Enzyme Lipoxygenase Drives Heart Failure after Heart Attacks, Studies Say

After a heart attack, a global epidemic leading to chronic heart failure pathology is heart failure. In the United States, about 6 million people and 23 million worldwide suffer from this end-stage disease that involves dysfunction of the heart, a change that clinicians call cardiac remodeling. And despite medical advances, 2 to 17 percent of patients die within one year after a heart attack due to failure to resolve inflammation. More than 50 percent die within five years.

An associate professor at the University of Alabama in the UAB Department of Medicine Division of Cardiovascular Disease, Ganesh Halade, Ph.D., is looking for ways to delay or reverse this heart failure which comes from non-resolved chronic inflammation. Over-activated leukocytes from the spleen that rushed into the heart muscle to remove dead tissue and start repairs are not adequate calmed and did not receive a "get out" order.

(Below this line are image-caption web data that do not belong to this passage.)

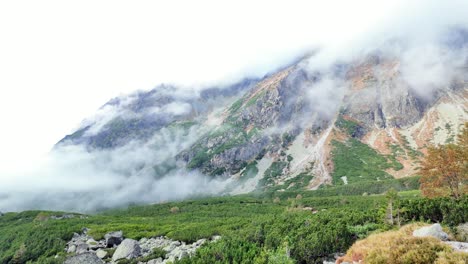 valley in the high tatra mountains, clouds are rising up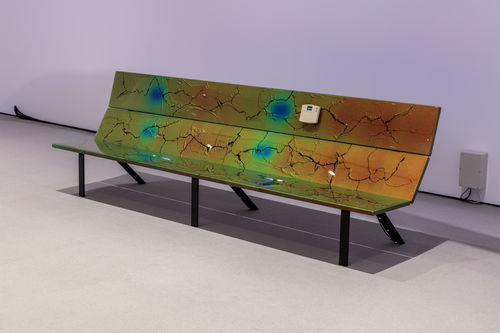 Bench with thermal map design and crackling painted on it.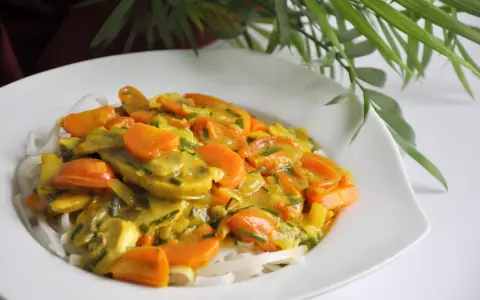 Zdrowy obiad: makaron ryżowy z warzywami w sosie curry. Kolorowe marchewki i inne warzywa tworzą apetyczną kompozycję.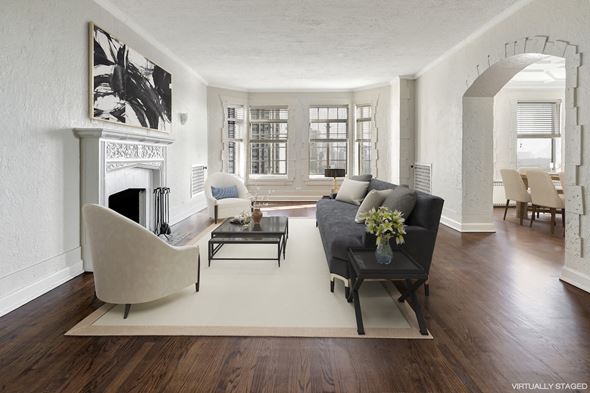 Chicago apartment for rent - a living room with a couch and a chair and a fireplace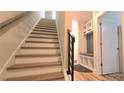 Staircase with wooden treads and black metal railing leading to a landing with built-in storage at 327 Coxe Ave, Charlotte, NC 28208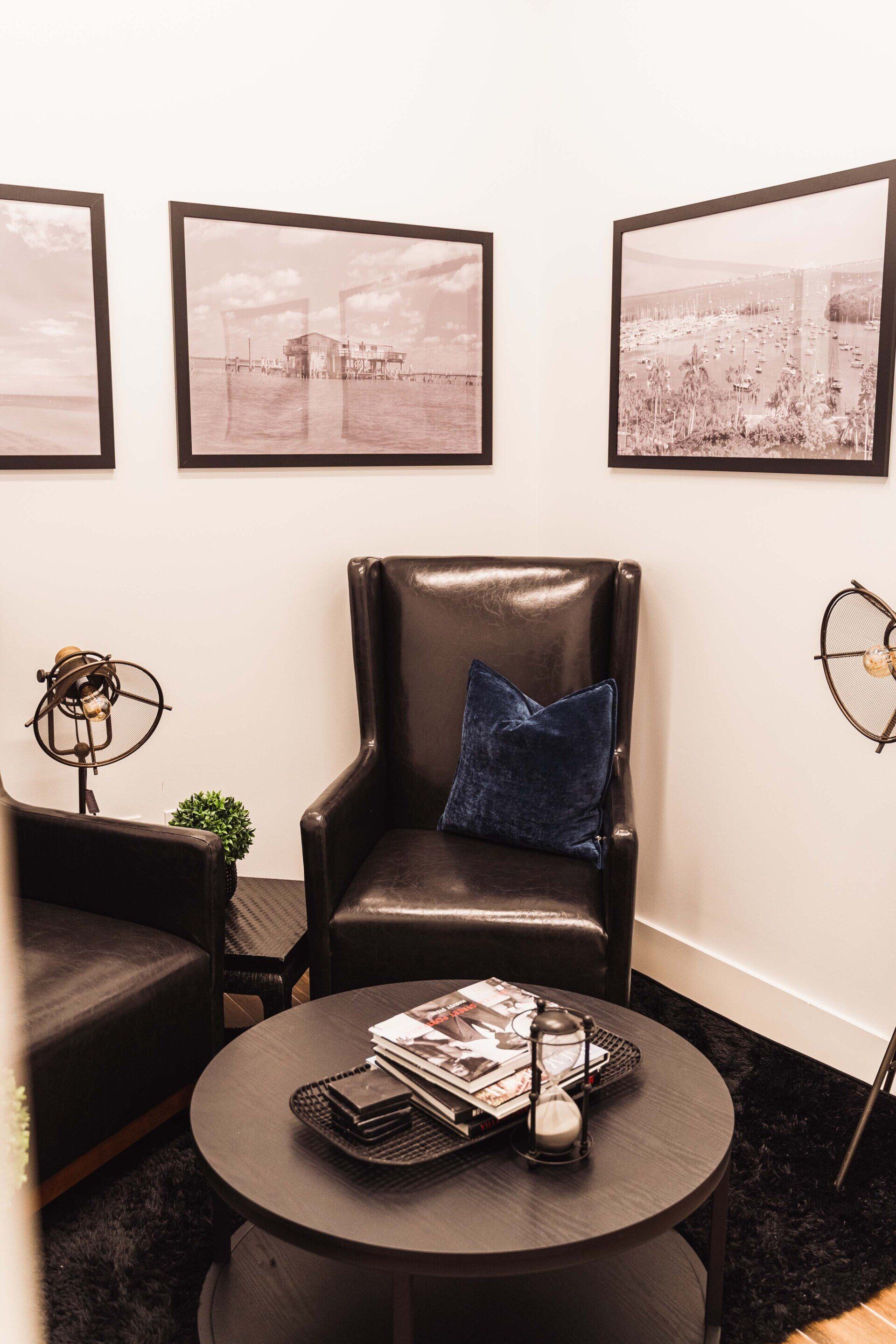 A living room with two chairs and a round table.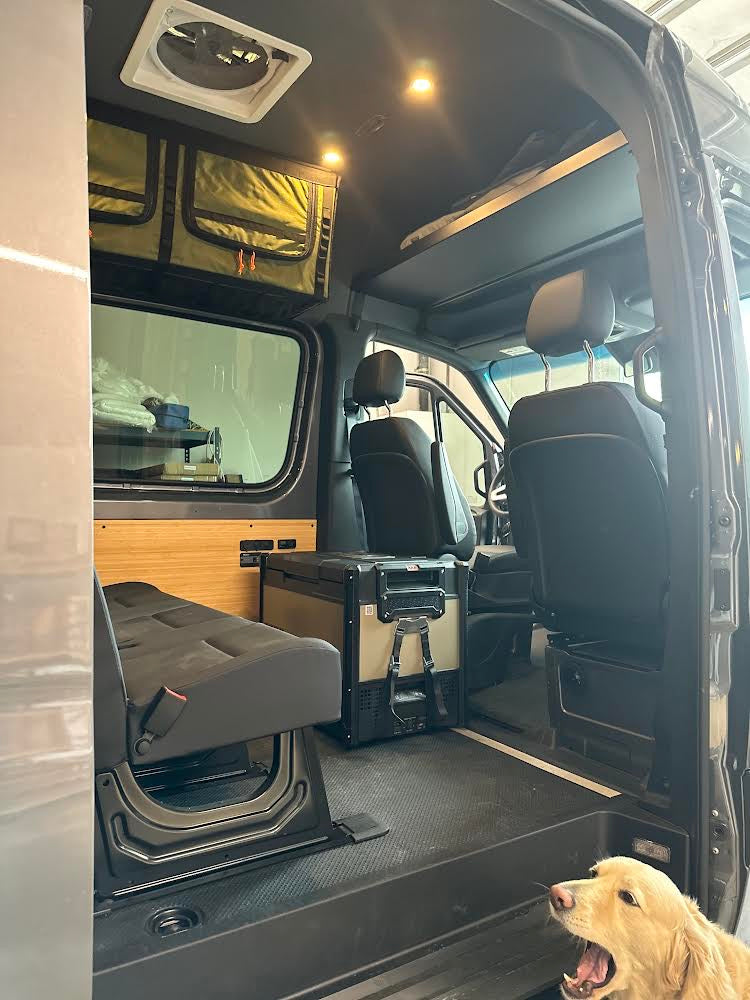 Spacious RV rental interior featuring a fan, storage, portable fridge, and flexible seating. A golden retriever yawns.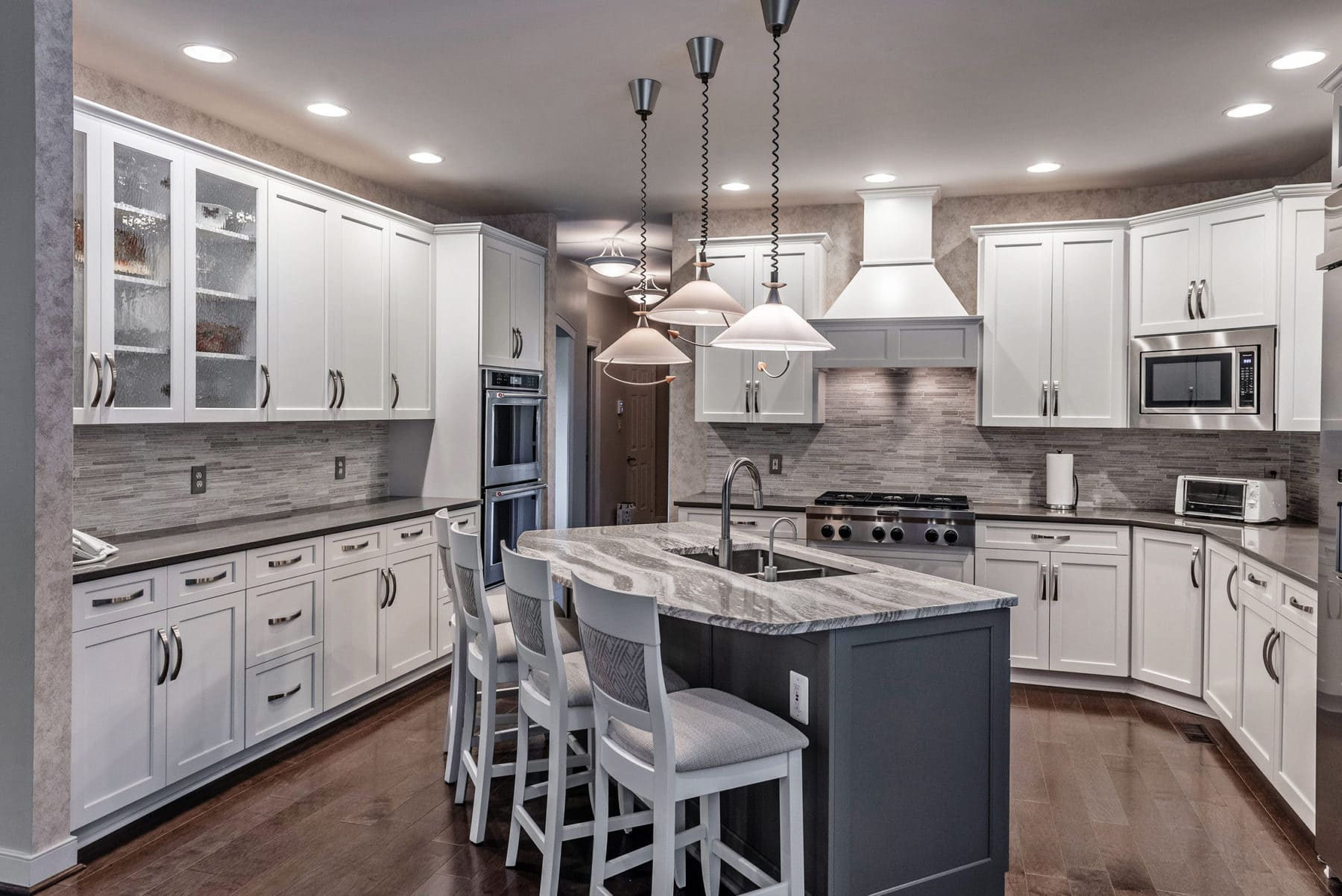 A gray and white kitchen with quartz countertops and stainless-steel appliances.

As a result, the process of learning the details of metabolic signaling that controls the immune responses, both during the acute inflammation after injury and the resolution after that, is essential. Halade is working to discover which metabolic signatures are biomarkers for healthy physiology and which metabolic signatures are biomarkers for heart failure pathology.

Working through this process could permit the development of a prevention plan and precise, prognostic, and personalized measures to delay heart failure.

In 2017, Halade discovered that knocking out 12/15 lipoxygenase, or 12/15LOX, a lipid-modifying enzyme that competes with two other lipid-modifying enzymes. This work follows his previous discovery and leads to increased survival in a mouse model of heart failure after a heart attack.

Halade and his team detailed the profound lipidomic and metabolic signatures and the modified leukocyte profiling that delay heart failure progression and provide improved survival in 12/15LOX-deficient mice. Only 6 percent of the 12/15LOX-deficient mice died in the progression of chronic heart failure 56 days after a heart attack, while 38 percent of mice with regular 12/15LOX had mortality due to heart failure or rupture.

In essence, the researchers quantified changes in the metabolome, lipidome, and immune profiles during acute heart failure, one day after a heart attack, and during chronic heart failure, eight weeks after a heart attack.

The team discovered that the 12/15LOX-deficient mice biosynthesized the signaling molecules epoxyeicosatrienoic acids, also known as EETs or cypoxins, in left ventricle heart tissue after a heart attack to facilitate cardiac healing. The deficiency of lipoxygenase in mice also has cut down on the rate of the diabetes risk biomarkers 2-aminoadipic acid and had profound alterations of plasma metabolic signaling of hexoses, acylcarnitines, amino acids, biogenic amines, glycerophospholipids and sphingolipids during acute heart failure. These modifications are associated with improved survival and delayed heart failure.